------ Available data ------

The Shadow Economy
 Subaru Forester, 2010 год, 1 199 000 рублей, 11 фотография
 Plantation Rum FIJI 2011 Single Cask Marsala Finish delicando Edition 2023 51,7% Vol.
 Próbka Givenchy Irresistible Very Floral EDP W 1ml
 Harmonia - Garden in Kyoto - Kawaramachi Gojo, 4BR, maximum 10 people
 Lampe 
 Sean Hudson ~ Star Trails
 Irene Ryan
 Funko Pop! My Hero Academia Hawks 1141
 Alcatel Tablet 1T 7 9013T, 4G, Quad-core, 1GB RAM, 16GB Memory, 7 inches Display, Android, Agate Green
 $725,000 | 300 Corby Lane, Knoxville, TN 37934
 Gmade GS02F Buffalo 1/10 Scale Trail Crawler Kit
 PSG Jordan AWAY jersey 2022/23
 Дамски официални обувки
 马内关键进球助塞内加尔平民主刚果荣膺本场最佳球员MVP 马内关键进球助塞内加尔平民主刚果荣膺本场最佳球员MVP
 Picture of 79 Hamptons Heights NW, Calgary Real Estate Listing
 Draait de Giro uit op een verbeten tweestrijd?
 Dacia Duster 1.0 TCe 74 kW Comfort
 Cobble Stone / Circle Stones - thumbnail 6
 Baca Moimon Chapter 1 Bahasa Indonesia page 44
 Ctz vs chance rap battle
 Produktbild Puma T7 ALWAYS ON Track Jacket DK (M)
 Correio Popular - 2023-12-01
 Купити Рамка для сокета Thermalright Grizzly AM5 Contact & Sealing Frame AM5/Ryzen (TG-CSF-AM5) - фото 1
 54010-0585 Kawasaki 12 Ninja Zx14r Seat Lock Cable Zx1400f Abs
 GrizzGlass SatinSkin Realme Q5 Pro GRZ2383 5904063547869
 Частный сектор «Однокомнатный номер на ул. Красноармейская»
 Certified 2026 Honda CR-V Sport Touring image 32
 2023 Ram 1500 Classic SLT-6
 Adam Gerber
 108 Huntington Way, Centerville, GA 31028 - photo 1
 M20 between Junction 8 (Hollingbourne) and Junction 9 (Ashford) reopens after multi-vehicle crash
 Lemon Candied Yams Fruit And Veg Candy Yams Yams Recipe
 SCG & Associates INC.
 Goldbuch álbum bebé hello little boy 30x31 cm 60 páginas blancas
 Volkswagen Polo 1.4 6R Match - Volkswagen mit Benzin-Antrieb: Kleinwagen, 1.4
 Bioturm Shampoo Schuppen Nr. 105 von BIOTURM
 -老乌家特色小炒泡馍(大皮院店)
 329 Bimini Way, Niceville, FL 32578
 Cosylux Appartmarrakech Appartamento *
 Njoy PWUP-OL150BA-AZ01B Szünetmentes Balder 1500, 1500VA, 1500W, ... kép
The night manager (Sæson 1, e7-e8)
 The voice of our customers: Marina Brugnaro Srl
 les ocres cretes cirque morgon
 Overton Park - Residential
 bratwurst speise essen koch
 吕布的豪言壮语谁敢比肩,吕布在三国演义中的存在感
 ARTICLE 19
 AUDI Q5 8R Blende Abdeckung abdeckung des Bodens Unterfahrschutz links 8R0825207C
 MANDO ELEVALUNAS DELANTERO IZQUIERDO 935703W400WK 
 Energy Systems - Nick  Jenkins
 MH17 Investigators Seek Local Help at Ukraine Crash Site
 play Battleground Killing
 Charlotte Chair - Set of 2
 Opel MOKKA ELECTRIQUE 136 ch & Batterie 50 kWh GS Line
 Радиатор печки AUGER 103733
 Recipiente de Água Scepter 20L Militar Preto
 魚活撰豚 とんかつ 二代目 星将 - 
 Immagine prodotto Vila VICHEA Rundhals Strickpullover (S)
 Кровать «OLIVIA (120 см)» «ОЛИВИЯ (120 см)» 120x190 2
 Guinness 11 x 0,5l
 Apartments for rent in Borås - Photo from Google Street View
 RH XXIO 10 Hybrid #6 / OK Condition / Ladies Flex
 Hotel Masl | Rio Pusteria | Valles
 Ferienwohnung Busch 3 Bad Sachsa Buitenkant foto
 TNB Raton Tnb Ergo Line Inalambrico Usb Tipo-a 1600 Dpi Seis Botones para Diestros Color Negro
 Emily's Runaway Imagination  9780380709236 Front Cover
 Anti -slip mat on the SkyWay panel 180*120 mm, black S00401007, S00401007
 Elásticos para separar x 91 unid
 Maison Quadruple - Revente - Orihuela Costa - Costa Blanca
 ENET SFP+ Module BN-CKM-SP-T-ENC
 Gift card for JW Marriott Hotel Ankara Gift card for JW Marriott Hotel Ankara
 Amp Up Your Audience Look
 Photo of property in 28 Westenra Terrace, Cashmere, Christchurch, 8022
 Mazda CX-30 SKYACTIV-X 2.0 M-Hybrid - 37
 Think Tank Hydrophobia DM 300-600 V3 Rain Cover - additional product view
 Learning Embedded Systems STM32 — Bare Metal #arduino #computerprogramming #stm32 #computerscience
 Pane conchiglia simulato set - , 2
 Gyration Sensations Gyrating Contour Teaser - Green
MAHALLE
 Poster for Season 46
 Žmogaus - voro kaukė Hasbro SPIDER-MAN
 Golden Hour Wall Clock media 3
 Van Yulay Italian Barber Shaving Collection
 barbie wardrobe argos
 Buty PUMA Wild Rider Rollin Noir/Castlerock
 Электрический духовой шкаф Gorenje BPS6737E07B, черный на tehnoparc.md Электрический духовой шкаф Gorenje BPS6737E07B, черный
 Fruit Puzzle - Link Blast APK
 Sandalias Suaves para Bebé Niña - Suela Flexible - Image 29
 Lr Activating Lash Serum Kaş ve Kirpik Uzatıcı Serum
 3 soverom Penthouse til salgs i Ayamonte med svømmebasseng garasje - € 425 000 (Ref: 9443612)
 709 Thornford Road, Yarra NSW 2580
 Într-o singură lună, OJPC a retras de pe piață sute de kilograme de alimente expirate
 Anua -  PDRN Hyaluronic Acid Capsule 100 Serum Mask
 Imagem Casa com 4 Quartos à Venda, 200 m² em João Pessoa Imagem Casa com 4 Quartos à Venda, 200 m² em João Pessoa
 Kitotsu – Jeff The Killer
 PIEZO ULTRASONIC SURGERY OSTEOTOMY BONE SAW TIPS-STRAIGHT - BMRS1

------

Your assignment:
Repeat each record verbatim.

Response area:
The Shadow Economy
 Subaru Forester, 2010 год, 1 199 000 рублей, 11 фотография
 Plantation Rum FIJI 2011 Single Cask Marsala Finish delicando Edition 2023 51,7% Vol.
 Próbka Givenchy Irresistible Very Floral EDP W 1ml
 Harmonia - Garden in Kyoto - Kawaramachi Gojo, 4BR, maximum 10 people
 Lampe 
 Sean Hudson ~ Star Trails
 Irene Ryan
 Funko Pop! My Hero Academia Hawks 1141
 Alcatel Tablet 1T 7 9013T, 4G, Quad-core, 1GB RAM, 16GB Memory, 7 inches Display, Android, Agate Green
 $725,000 | 300 Corby Lane, Knoxville, TN 37934
 Gmade GS02F Buffalo 1/10 Scale Trail Crawler Kit
 PSG Jordan AWAY jersey 2022/23
 Дамски официални обувки
 马内关键进球助塞内加尔平民主刚果荣膺本场最佳球员MVP 马内关键进球助塞内加尔平民主刚果荣膺本场最佳球员MVP
 Picture of 79 Hamptons Heights NW, Calgary Real Estate Listing
 Draait de Giro uit op een verbeten tweestrijd?
 Dacia Duster 1.0 TCe 74 kW Comfort
 Cobble Stone / Circle Stones - thumbnail 6
 Baca Moimon Chapter 1 Bahasa Indonesia page 44
 Ctz vs chance rap battle
 Produktbild Puma T7 ALWAYS ON Track Jacket DK (M)
 Correio Popular - 2023-12-01
 Купити Рамка для сокета Thermalright Grizzly AM5 Contact & Sealing Frame AM5/Ryzen (TG-CSF-AM5) - фото 1
 54010-0585 Kawasaki 12 Ninja Zx14r Seat Lock Cable Zx1400f Abs
 GrizzGlass SatinSkin Realme Q5 Pro GRZ2383 5904063547869
 Частный сектор «Однокомнатный номер на ул. Красноармейская»
 Certified 2026 Honda CR-V Sport Touring image 32
 2023 Ram 1500 Classic SLT-6
 Adam Gerber
 108 Huntington Way, Centerville, GA 31028 - photo 1
 M20 between Junction 8 (Hollingbourne) and Junction 9 (Ashford) reopens after multi-vehicle crash
 Lemon Candied Yams Fruit And Veg Candy Yams Yams Recipe
 SCG & Associates INC.
 Goldbuch álbum bebé hello little boy 30x31 cm 60 páginas blancas
 Volkswagen Polo 1.4 6R Match - Volkswagen mit Benzin-Antrieb: Kleinwagen, 1.4
 Bioturm Shampoo Schuppen Nr. 105 von BIOTURM
 -老乌家特色小炒泡馍(大皮院店)
 329 Bimini Way, Niceville, FL 32578
 Cosylux Appartmarrakech Appartamento *
 Njoy PWUP-OL150BA-AZ01B Szünetmentes Balder 1500, 1500VA, 1500W, ... kép
The night manager (Sæson 1, e7-e8)
 The voice of our customers: Marina Brugnaro Srl
 les ocres cretes cirque morgon
 Overton Park - Residential
 bratwurst speise essen koch
 吕布的豪言壮语谁敢比肩,吕布在三国演义中的存在感
 ARTICLE 19
 AUDI Q5 8R Blende Abdeckung abdeckung des Bodens Unterfahrschutz links 8R0825207C
 MANDO ELEVALUNAS DELANTERO IZQUIERDO 935703W400WK 
 Energy Systems - Nick  Jenkins
 MH17 Investigators Seek Local Help at Ukraine Crash Site
 play Battleground Killing
 Charlotte Chair - Set of 2
 Opel MOKKA ELECTRIQUE 136 ch & Batterie 50 kWh GS Line
 Радиатор печки AUGER 103733
 Recipiente de Água Scepter 20L Militar Preto
 魚活撰豚 とんかつ 二代目 星将 - 
 Immagine prodotto Vila VICHEA Rundhals Strickpullover (S)
 Кровать «OLIVIA (120 см)» «ОЛИВИЯ (120 см)» 120x190 2
 Guinness 11 x 0,5l
 Apartments for rent in Borås - Photo from Google Street View
 RH XXIO 10 Hybrid #6 / OK Condition / Ladies Flex
 Hotel Masl | Rio Pusteria | Valles
 Ferienwohnung Busch 3 Bad Sachsa Buitenkant foto
 TNB Raton Tnb Ergo Line Inalambrico Usb Tipo-a 1600 Dpi Seis Botones para Diestros Color Negro
 Emily's Runaway Imagination  9780380709236 Front Cover
 Anti -slip mat on the SkyWay panel 180*120 mm, black S00401007, S00401007
 Elásticos para separar x 91 unid
 Maison Quadruple - Revente - Orihuela Costa - Costa Blanca
 ENET SFP+ Module BN-CKM-SP-T-ENC
 Gift card for JW Marriott Hotel Ankara Gift card for JW Marriott Hotel Ankara
 Amp Up Your Audience Look
 Photo of property in 28 Westenra Terrace, Cashmere, Christchurch, 8022
 Mazda CX-30 SKYACTIV-X 2.0 M-Hybrid - 37
 Think Tank Hydrophobia DM 300-600 V3 Rain Cover - additional product view
 Learning Embedded Systems STM32 — Bare Metal #arduino #computerprogramming #stm32 #computerscience
 Pane conchiglia simulato set - , 2
 Gyration Sensations Gyrating Contour Teaser - Green
MAHALLE
 Poster for Season 46
 Žmogaus - voro kaukė Hasbro SPIDER-MAN
 Golden Hour Wall Clock media 3
 Van Yulay Italian Barber Shaving Collection
 barbie wardrobe argos
 Buty PUMA Wild Rider Rollin Noir/Castlerock
 Электрический духовой шкаф Gorenje BPS6737E07B, черный на tehnoparc.md Электрический духовой шкаф Gorenje BPS6737E07B, черный
 Fruit Puzzle - Link Blast APK
 Sandalias Suaves para Bebé Niña - Suela Flexible - Image 29
 Lr Activating Lash Serum Kaş ve Kirpik Uzatıcı Serum
 3 soverom Penthouse til salgs i Ayamonte med svømmebasseng garasje - € 425 000 (Ref: 9443612)
 709 Thornford Road, Yarra NSW 2580
 Într-o singură lună, OJPC a retras de pe piață sute de kilograme de alimente expirate
 Anua -  PDRN Hyaluronic Acid Capsule 100 Serum Mask
 Imagem Casa com 4 Quartos à Venda, 200 m² em João Pessoa Imagem Casa com 4 Quartos à Venda, 200 m² em João Pessoa
 Kitotsu – Jeff The Killer
 PIEZO ULTRASONIC SURGERY OSTEOTOMY BONE SAW TIPS-STRAIGHT - BMRS1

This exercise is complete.